In quest'ottica il punto centrale è che l'avvio del percorso di riforme - ho partecipato alla prima audizione della prima Commissione, quindi so che sta già lavorando su questo tema - è essenziale perché nel testo dello statuto sia chiara ed evidente la capacità di poter scrivere regole autonome, certamente di poter scrivere il grande patrimonio costituzionale proprio del popolo sardo, il grande patrimonio di diritti e di diritti speciali che in questo statuto possono essere riconosciuti.
Detto questo, il primo a dover difendere la democrazia regionale, certamente la Giunta farà la sua parte, per il principio di democrazia e di rappresentanza politica mi pare che debba essere il Consiglio regionale. Quindi sotto questo profilo non faccio altro che ricordare quanto il presidente Pigliaru ha dichiarato in quest'Aula, quanto il Presidente del Consiglio ha già dichiarato nella seduta inaugurale.
Rispetto a questo tema, evidentemente, la Giunta è pronta a fare la sua parte ma sarà il Consiglio a dover fare una proposta di statuto sulla quale lavorare e sulla quale rispondere in prima persona alla fortissima identificazione che dal di fuori di quest'Aula può venire rispetto alla capacità di rappresentare tutto il popolo sardo.
Concludo su questo dicendo che la Giunta regionale ha messo in atto tutte le azioni che erano nella sua disponibilità in questa fase di riferimento attraverso la Conferenza Stato-Regioni, inoltre continua quotidianamente l'interlocuzione con tutte le realtà della Regione; il presidente Pigliaru è stato audito anche nella prima Commissione del Senato insieme alle altre Regioni a statuto speciale ma lascia al Consiglio il ruolo fondamentale di rappresentare tutti i sardi.
PRESIDENTE. Ha domandato di replicare il consigliere Mario Floris. Ne ha facoltà.

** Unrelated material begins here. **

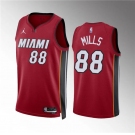 Men's Miami Heat #88 Patrick Mills Red Statement Edition Stitched Basketball Jersey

FLORIS MARIO (Sardegna). Presidente, solitamente chi replica dichiara se è soddisfatto oppure non è soddisfatto. Non credo sia questo il caso. Io ho posto un problema che in quest'Aula è rimbalzato in questi decenni, fino da quando è stato varato lo Statuto già con l'idea di modificarlo; in questi sessant'anni abbiamo tentato di tutto: sulle procedure, sui contenuti dello Statuto e non siamo mai riusciti a modificare alcunché, e mi pare che non ci riusciamo neanche adesso.
La mia preoccupazione, caro Assessore, nasce dal fatto che lo Stato nazionale si accinge a mettere in movimento la modifica del Titolo V della Costituzione e tutt'al più avverrà, come lei ha detto, che il Presidente della Regione sarà chiamato per esprimere un parere, cioè avremo un "sentita la Regione", dopodiché la riforma andrà avanti per proprio conto perché noi non siamo in condizioni di incidere. Concordo con lei che il sistema sia un sistema pattizio; un sistema pattizio-politico, non un sistema pattizio-amministrativo del "coinvolgimento di...", ma proprio politico.
Noi per esempio rientriamo in un ordinamento dotato di autonomia ai massimi livelli, compatibile con l'Unione europea e con l'unità degli Stati membri nel contesto dei quali l'insularità deve avere una vera e propria dignità costituzionale. Questo non lo dico oggi, perché già dalla fine del 2000 attraverso l'Imedoc, che era l'unione delle isole del Mediterraneo occidentale, avevamo messo in campo, prima Palomba poi il sottoscritto, una strategia che era stata battezzata col nome "Carta di Cagliari".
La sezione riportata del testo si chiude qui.